DATA UNDER STUDY below:

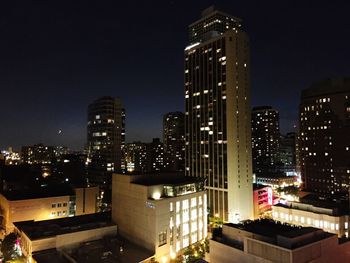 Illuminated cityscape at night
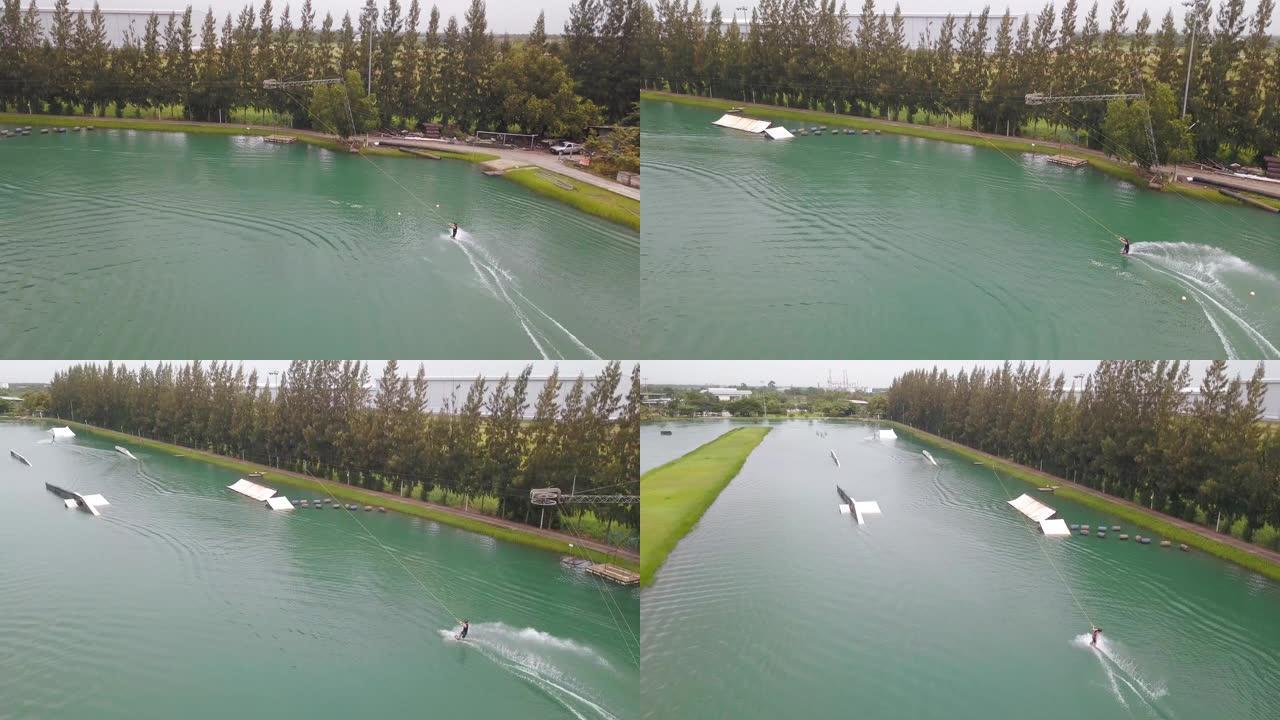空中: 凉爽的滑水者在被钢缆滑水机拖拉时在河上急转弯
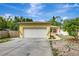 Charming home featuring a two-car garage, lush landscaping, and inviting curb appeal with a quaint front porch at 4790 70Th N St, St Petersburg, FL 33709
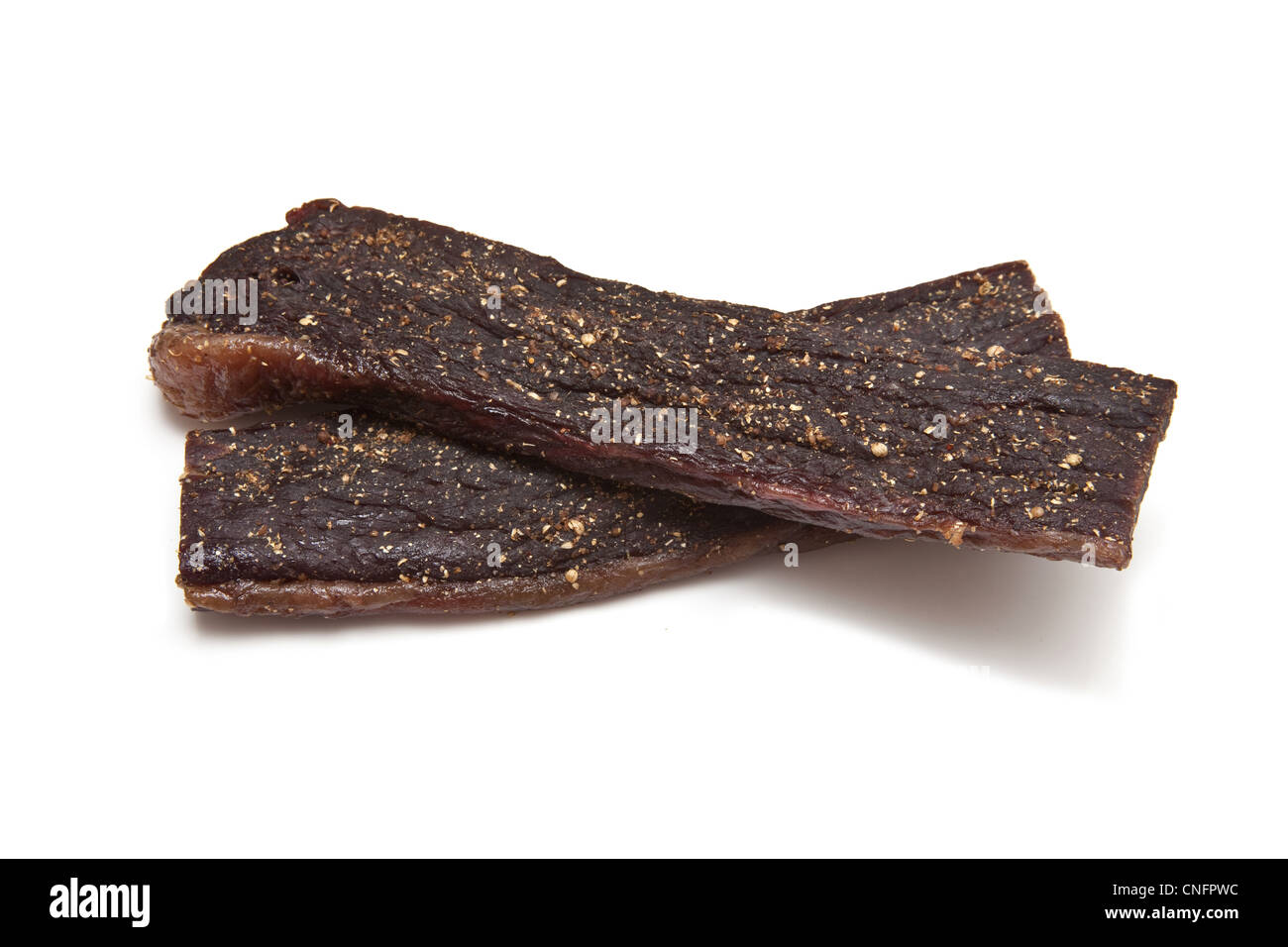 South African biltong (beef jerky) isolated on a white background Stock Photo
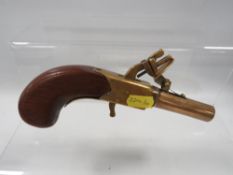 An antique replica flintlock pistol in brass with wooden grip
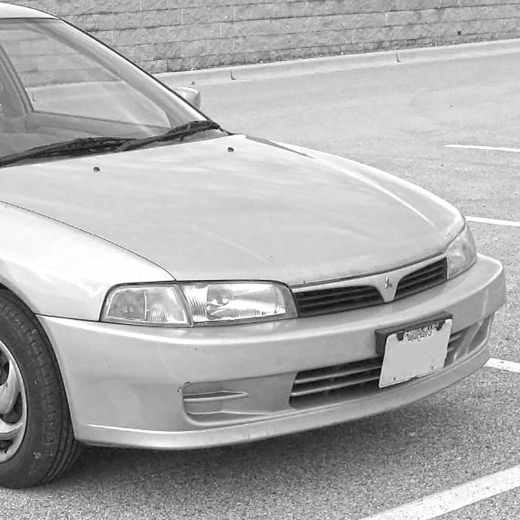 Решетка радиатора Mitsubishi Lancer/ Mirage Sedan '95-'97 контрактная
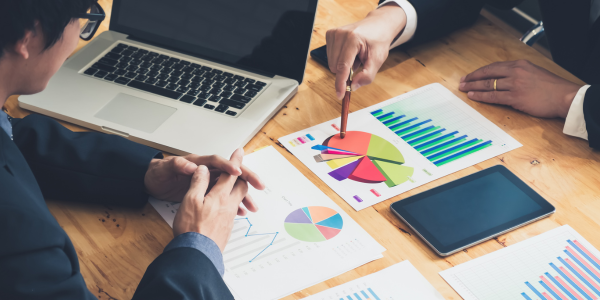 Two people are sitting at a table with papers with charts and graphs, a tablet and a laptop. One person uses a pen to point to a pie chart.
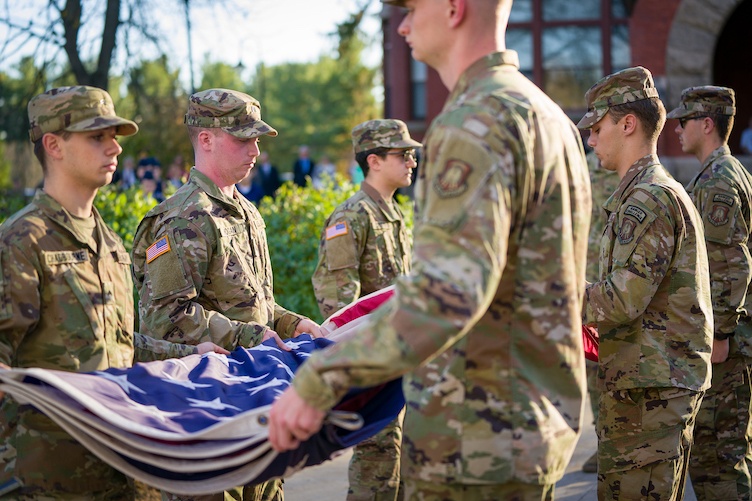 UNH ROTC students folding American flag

End of DATA UNDER STUDY.

■ HOW TO COMPLETE THIS TASK:
Give again, word for word, only the lines from the one with "Решетка радиатора Mitsubishi" through the last line of the entries, both included; no pictures go in the copy.

■ SOLUTION TO THIS EXERCISE:
 Решетка радиатора Mitsubishi Lancer/ Mirage Sedan '95-'97 контрактная
 Two people are sitting at a table with papers with charts and graphs, a tablet and a laptop. One person uses a pen to point to a pie chart.
 UNH ROTC students folding American flag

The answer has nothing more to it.